HP Fortran statements
ON (extension)
Chapter 10 409
To use the ON statement to trap for integer overflow, you must also include the $HP$
CHECK_OVERFLOW directive. This is described in the HP Fortran Programmer’s Guide.
Using the ON statement at optimization levels 2 and above is restricted. When compiling at
optimization level 2 or above, the optimizer makes assumptions about the program that do
not take into account the behavior of procedures called by the ON statement. Such procedures
must therefore be “well-behaved”—in particular, they must meet the following criteria:
The ON procedure must not assume that any variable in the interrupted procedure or in
its caller has its current value. (The optimizer may have placed the variable in a register
to be stored there until after the call to the interrupted procedure is complete.)

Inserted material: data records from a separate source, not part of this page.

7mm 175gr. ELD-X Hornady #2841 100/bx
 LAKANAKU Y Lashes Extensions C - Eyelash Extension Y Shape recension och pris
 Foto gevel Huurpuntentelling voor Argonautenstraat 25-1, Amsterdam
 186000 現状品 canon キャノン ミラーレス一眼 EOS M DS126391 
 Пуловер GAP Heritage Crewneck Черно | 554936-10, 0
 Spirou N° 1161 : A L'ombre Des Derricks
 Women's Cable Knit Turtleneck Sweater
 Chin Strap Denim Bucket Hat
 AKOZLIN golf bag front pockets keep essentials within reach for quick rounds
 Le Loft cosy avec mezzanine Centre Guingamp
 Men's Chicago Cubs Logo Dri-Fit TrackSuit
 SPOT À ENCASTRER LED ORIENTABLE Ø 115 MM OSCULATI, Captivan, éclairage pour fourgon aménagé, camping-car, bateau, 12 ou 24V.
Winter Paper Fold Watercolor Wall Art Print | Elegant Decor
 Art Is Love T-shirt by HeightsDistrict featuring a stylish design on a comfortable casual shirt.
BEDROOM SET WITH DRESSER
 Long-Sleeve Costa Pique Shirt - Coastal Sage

The ON procedure must not change the value of any variable in the interrupted procedure
or in its caller if the effect of the ON procedure is to return program control to the point of
interrupt.
NOTE If you include the ON statement in a program that is compiled at optimization
level 2 or higher and the program takes an exception, the results may vary from
those you would get from the unoptimized program or from the same program
without the ON statement.
Examples
The following example uses the ON statement to call the procedure trap_div_by_zero if the
function do_div is passed 0 in argument y. If trap_div_by_zero is called, it prints an error
message and assigns 0 to the result.
REAL FUNCTION do_div(x, y)
REAL :: x, y
ON REAL DIV 0 CALL trap
do_div = x/y ! causes an interrupt if y = 0
RETURN
END FUNCTION do_div
SUBROUTINE trap(res)
REAL :: res
PRINT *, "Don’t do that."
res = 0
END SUBROUTINE trap
Related concepts
The HP Fortran Programmer’s Guide provides detailed information about using the ON
statement, including example programs that use the ON statement.